The line with "Why Australia Says Cricket Scores Backwards" through the last line of the entries: give these again exactly, and only these, without any pictures.

Web page caption snippets:
● ● ● ●
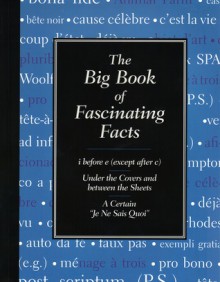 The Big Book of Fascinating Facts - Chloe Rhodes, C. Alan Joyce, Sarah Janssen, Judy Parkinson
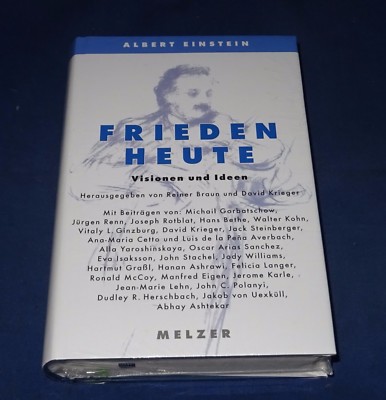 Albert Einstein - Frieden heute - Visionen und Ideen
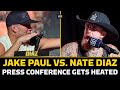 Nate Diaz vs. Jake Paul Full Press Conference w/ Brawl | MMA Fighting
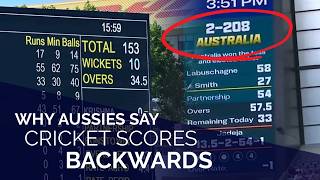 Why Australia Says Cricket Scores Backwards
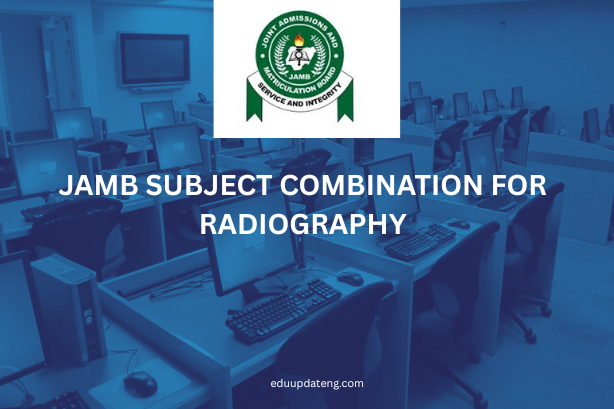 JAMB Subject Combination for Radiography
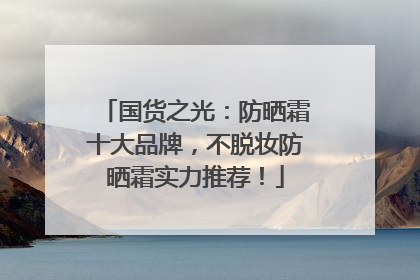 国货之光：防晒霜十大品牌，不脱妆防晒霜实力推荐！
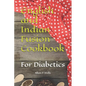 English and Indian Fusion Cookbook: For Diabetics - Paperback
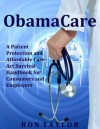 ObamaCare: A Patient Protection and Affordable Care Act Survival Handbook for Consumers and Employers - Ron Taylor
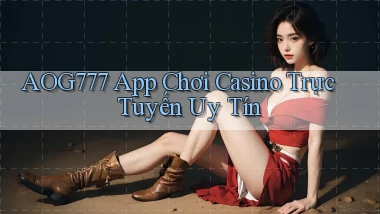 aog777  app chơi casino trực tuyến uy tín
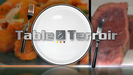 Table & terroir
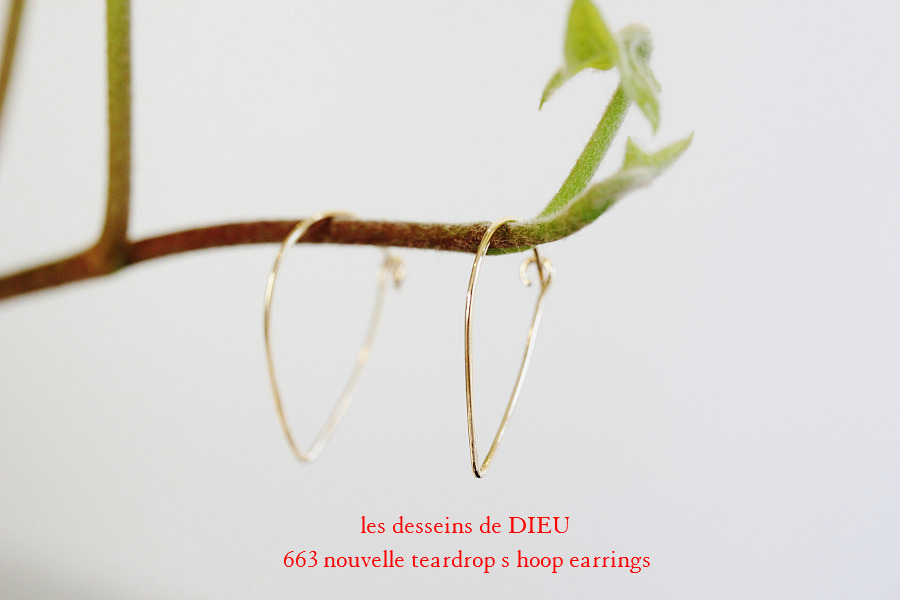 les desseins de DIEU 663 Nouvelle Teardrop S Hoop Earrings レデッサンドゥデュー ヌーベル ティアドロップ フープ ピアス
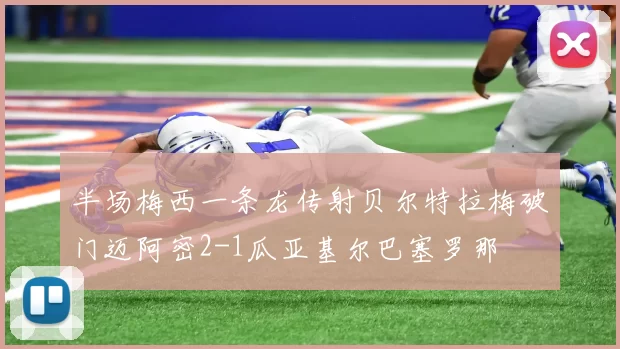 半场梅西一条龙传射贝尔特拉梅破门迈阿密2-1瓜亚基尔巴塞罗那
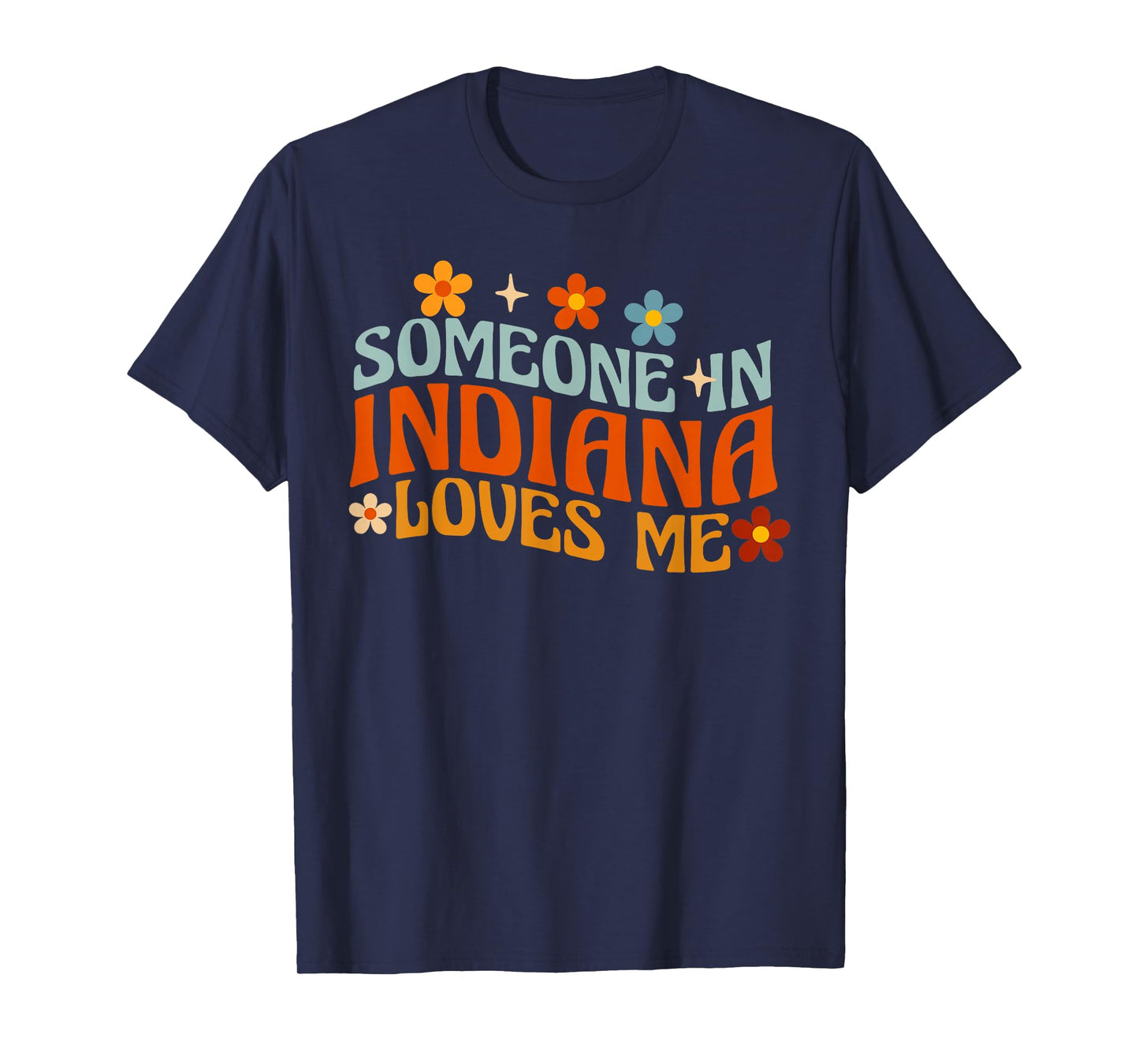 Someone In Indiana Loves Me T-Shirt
● ● ● ●
THE COMPLETED TASK:
 Why Australia Says Cricket Scores Backwards
 JAMB Subject Combination for Radiography
 国货之光：防晒霜十大品牌，不脱妆防晒霜实力推荐！
 English and Indian Fusion Cookbook: For Diabetics - Paperback
 ObamaCare: A Patient Protection and Affordable Care Act Survival Handbook for Consumers and Employers - Ron Taylor
 aog777  app chơi casino trực tuyến uy tín
 Table & terroir
 les desseins de DIEU 663 Nouvelle Teardrop S Hoop Earrings レデッサンドゥデュー ヌーベル ティアドロップ フープ ピアス
 半场梅西一条龙传射贝尔特拉梅破门迈阿密2-1瓜亚基尔巴塞罗那
 Someone In Indiana Loves Me T-Shirt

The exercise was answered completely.